Pense nisso quando estiver lendo qualquer das pérolas, e são milhares, recolhidas neste Portal da Crônica Brasileira. Difícil imaginar que no mais das vezes tenham sido escritas no sufoco. Quase podemos ver Rubem Braga, por exemplo, o autodenominado Velho Braga, o maior de todos, bufando à máquina de escrever, enquanto ali ao lado se impacienta o moço que a redação encarregou de recolher em domicílio aquele palmo de prosa para a qual, não menos urgente, há um espaço aberto na edição de amanhã.

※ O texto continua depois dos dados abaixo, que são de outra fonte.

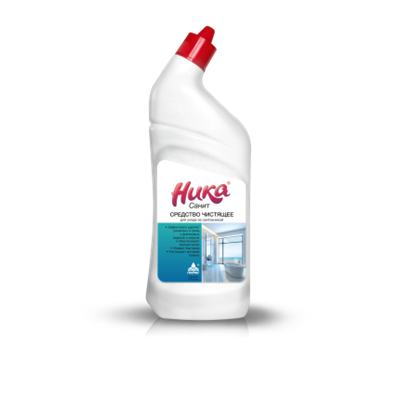 Ника-Санит чистящее средство для сантехники 0,7 л. 026186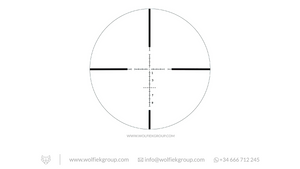 Vector Optics · Marksman · 6-25x50 SFP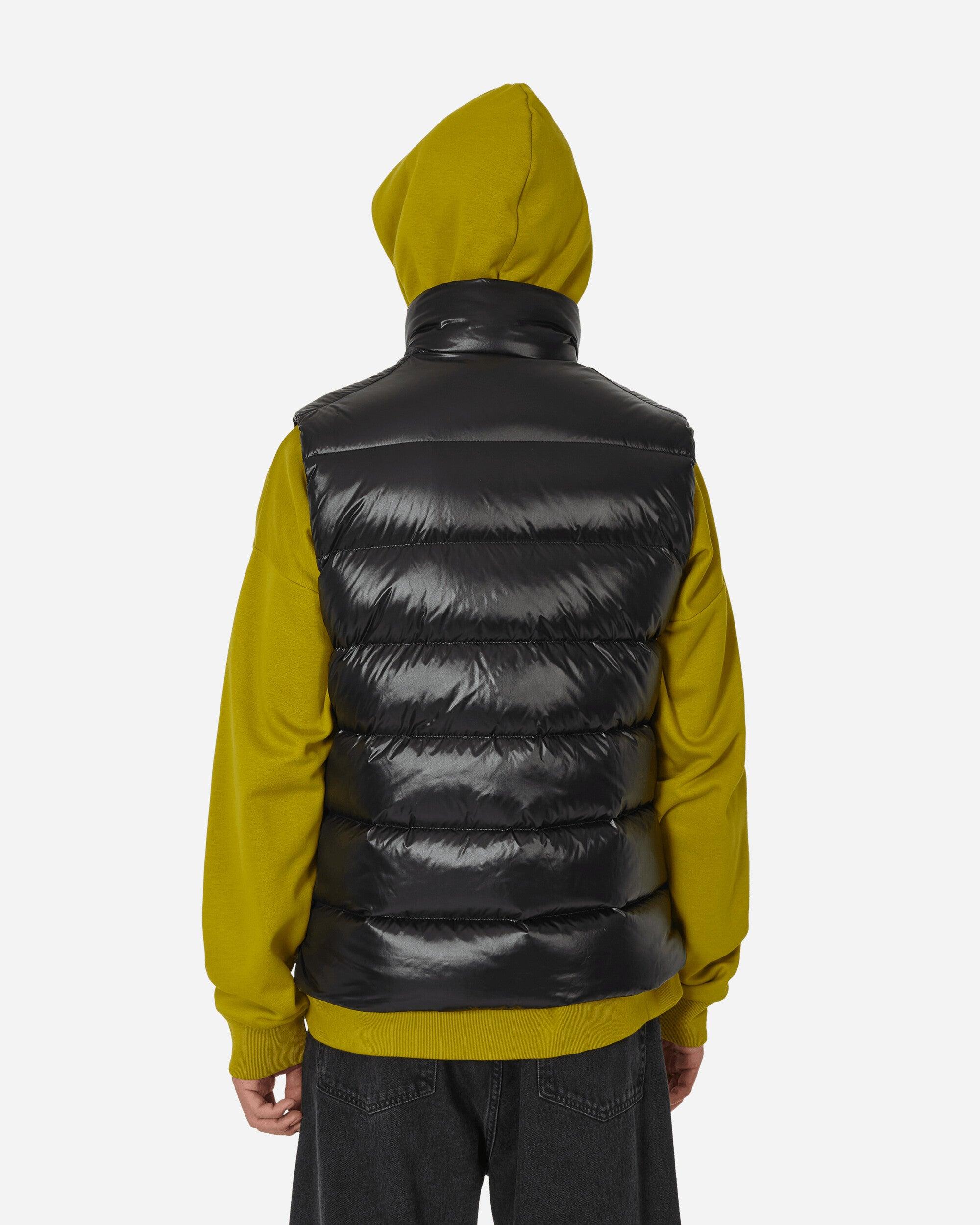 Moncler Tibb Down Vest in Black for Men Lyst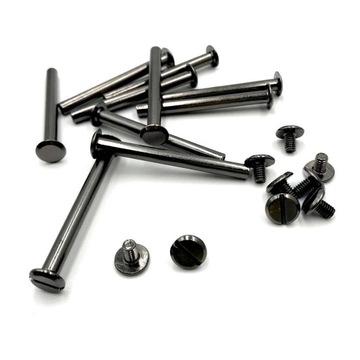 Столбы Крепежные винты Заклепки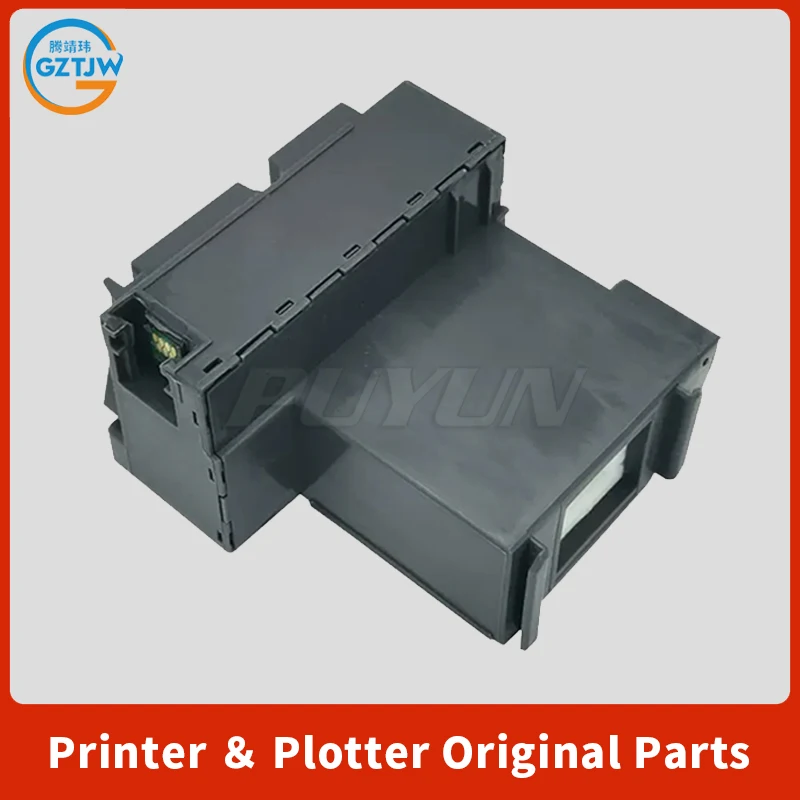 

Ящик для обслуживания чернил для EPSON F100 F130 F150 F160 F170 S2101 F15HH5 C13S 210125 SC23MB Губка для резервуара для отработанных чернил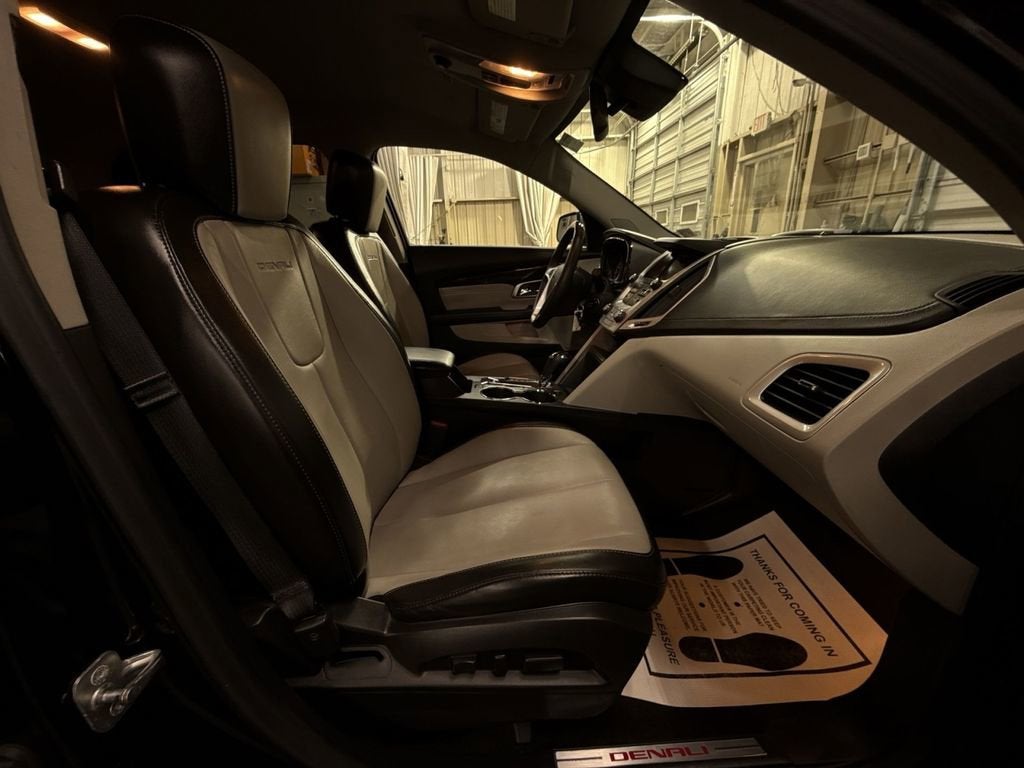 2017 GMC Terrain Denali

No dia seguinte, sem os rabiscos, sem as emendas apressadas que o autor teve ainda tempo de fazer no seu original, antes de passá-la às mãos do estafeta, lá estará a crônica, não raro espremida entre anúncios ou noticiário cuja data de validade haverá de caducar em poucas horas. Perdida nessa vizinhança prosaica e efêmera, lá estará o que foi escrito às pressas, de olho no relógio, e que ainda assim, por se tratar de arte, atravessará os tempos, sem uma ruga, capaz de seguir falando a leitores que ainda nem sequer nasceram.